The first cartographic method of Ptolemy (ca. 100-ca. 178) is a flat representation of the then known world mainly designed to preserve the measurement of the geographic coordinates of localities. In Ptolemy’s day, in the second century CE, the known world—called oikumene in Greek—extended 180° in longitude from the present-day Canary Islands to Indochina. In reality, however, the area occupies only 120° of the Earth’s circumference.

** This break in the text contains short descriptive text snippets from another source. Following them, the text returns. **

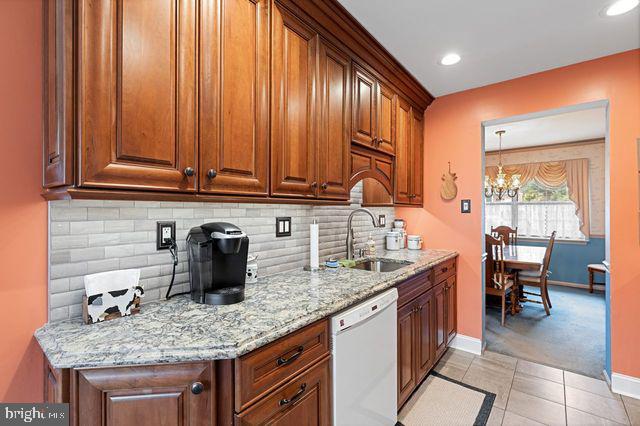 BLUE BELL RUN - Residential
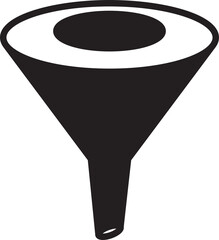 Funnel Equipment Icon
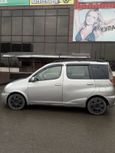  Toyota Yaris Verso 2003 , 210000 , -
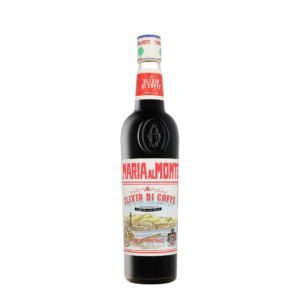 S. Maria al Monte Elixer di Caffé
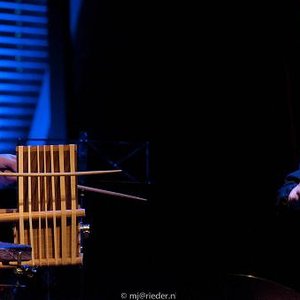 Valentin Clastrier & Alan 'Gunga' Purves 的头像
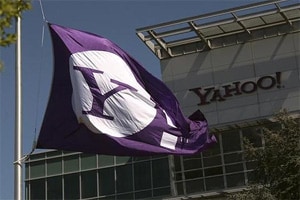 Yahoo buys digital ad service BrightRoll for $640 mn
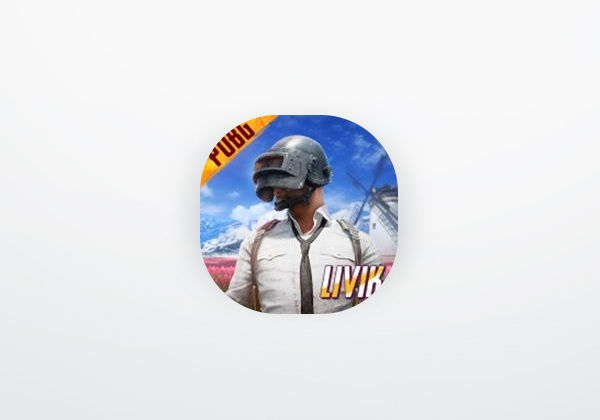 Aplicación PUBG MOBILE - NEW MAP: LIVIK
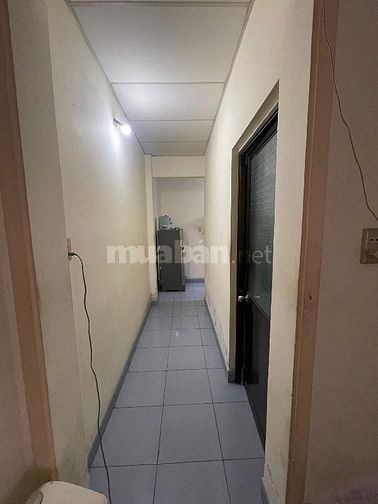 Cho thuê nhà hẻm 265 Nguyễn Thị Định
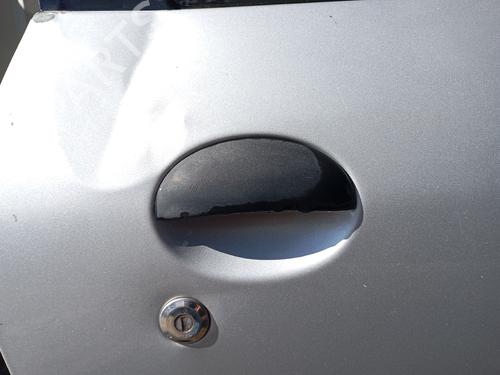 Front right exterior door handle PEUGEOT 206 Van 1.4 HDi BP26190661C129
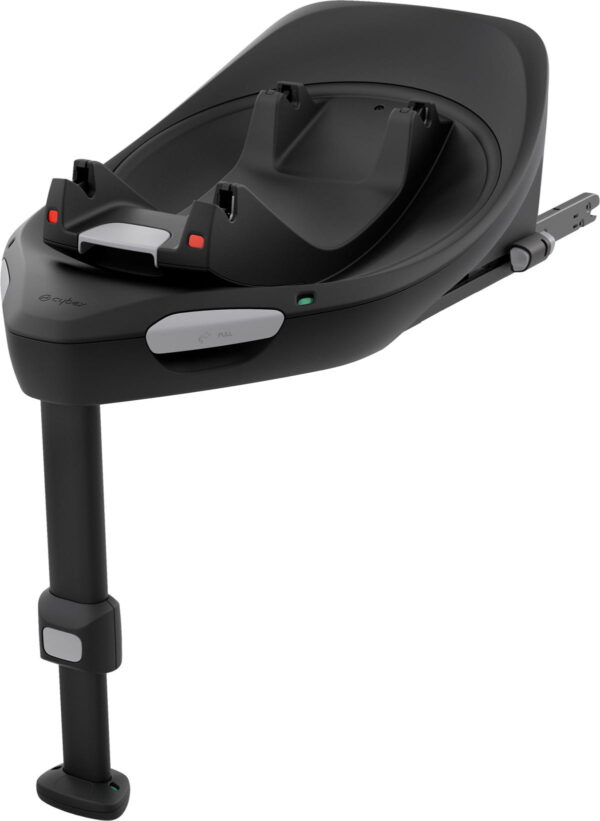 Autokreslini.lv | Base G Isofix bāze (rotējoša) bilde #1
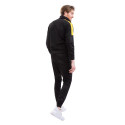 Dres Givova Tuta Revolution czarno-żółty TR033 1007 3XS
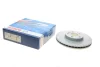 Диск гальмівний BOSCH 0986479974 (фото 1)
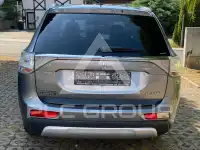2016 Mitsubishi OUTLANDER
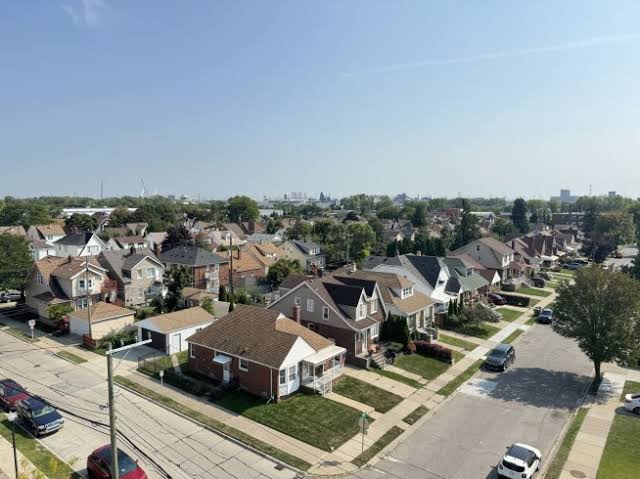 Leverage Shifts From Sellers to Homebuyers, Analysis Shows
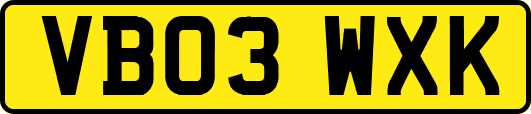 VB03WXK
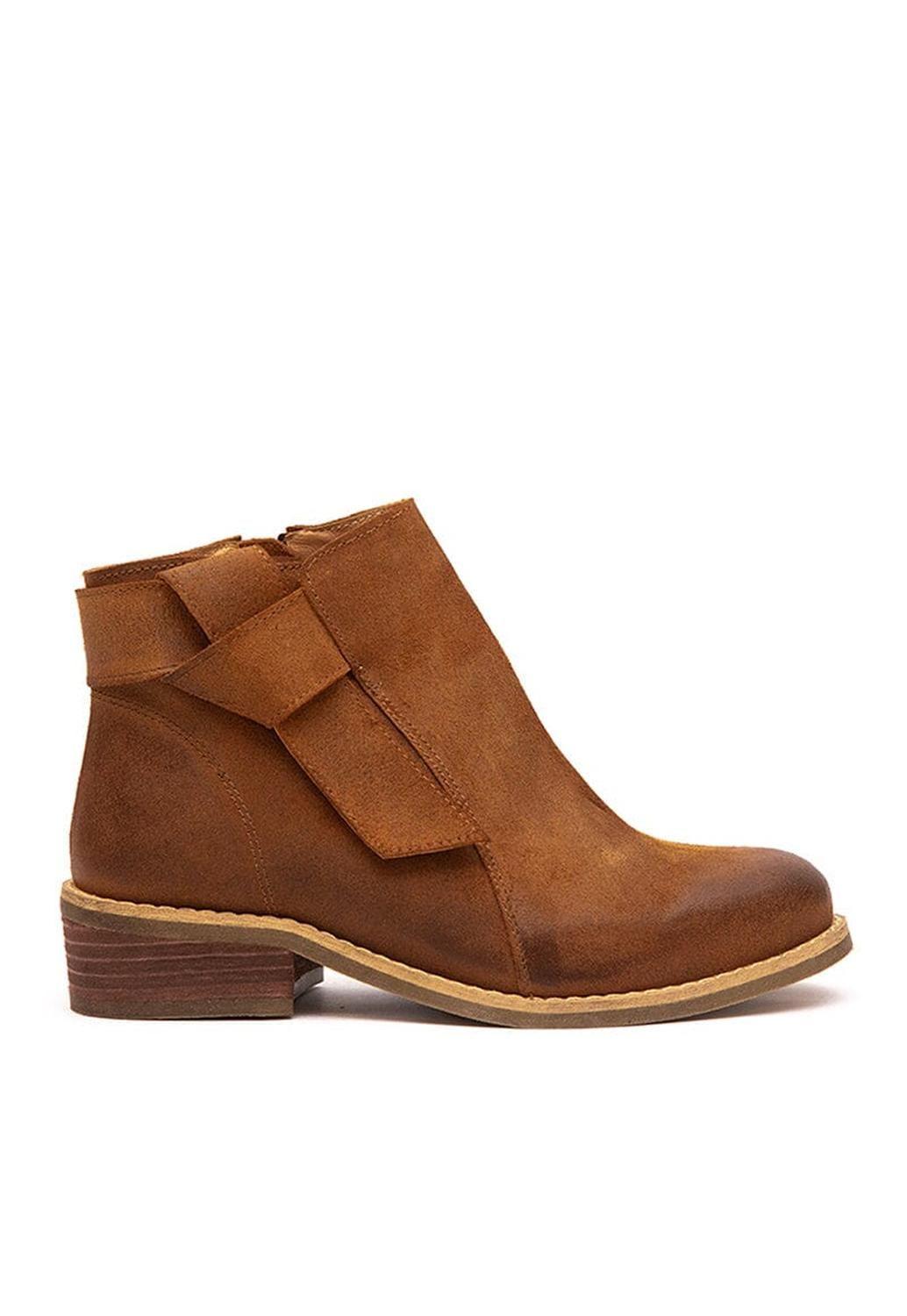 Botin Mujer / Elena Camel-1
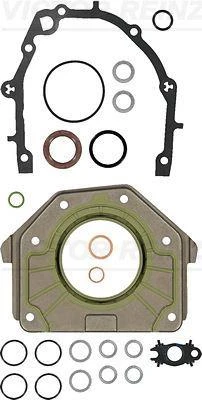 ALT TAKIM CONTA SETİ FIAT PUNTO EVO 09 12 ALFA ROMEO MİTO 09 15 GIULIETTA 10 18 1.4 TB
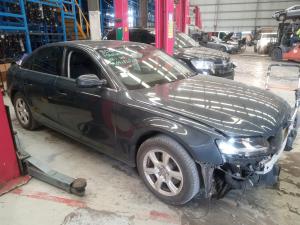 2011 Audi A4 image 8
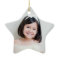 Custom Photo Ornament
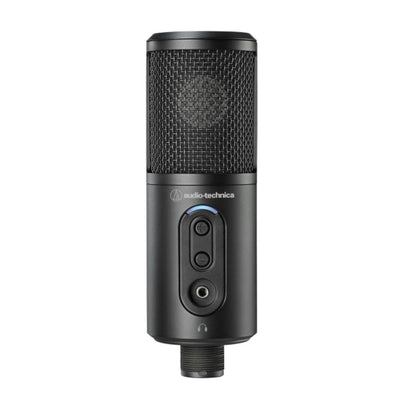 Audio-Technica Condenser Microphones Audio-Technica ATR2500X USB Cardioid Condenser USB Microphone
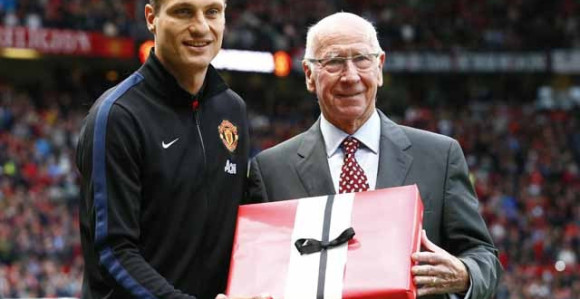 Kako Nemanja Vidić može da postane veći od mnogih Zvezdinih legendi?!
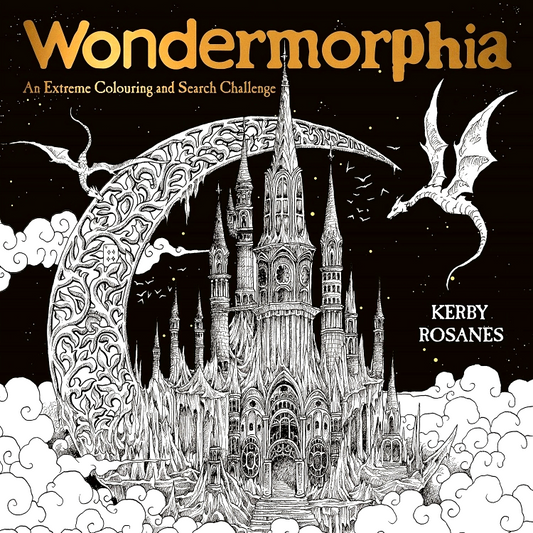 Wondermorphia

The latitudinal extension was about 80 degrees, from the legendary island of Thule, near the Arctic polar circle, to what was known as the anti-Meroë parallel, 16°25’ south of the Equator. The transformation of the terrestrial globe into a flat surface inevitably creates distortions. To keep distances between places unchanged, Ptolemy accordingly uses an intermediate geometric figure: a semi-cone that surrounds the Earth and touches it on the parallel passing through the island of Rhodes. He then transfers the latitudes measured on the meridian arc to the straight line generating the semi-cone. The length of the line from the top to the anti-Meroë parallel is 131° and a half.

For consistency with the geometric characteristics of the sphere, whose longest parallel lies on the equatorial circle, the boundary of the semi-cone below the Equator is bent inward, as if to form the trunk of an upside-down semi-cone. In this way, as in the sphere, the anti-Meroë parallel has the same radius as the symmetrical parallel passing through the city of Meroë. The transfer of geographic coordinates from the semi-cone thus allows Ptolemy to “peel” the Earth, as it were, turning the surface of the known world first into a cone, and then, simply by folding it out, into a flat shape.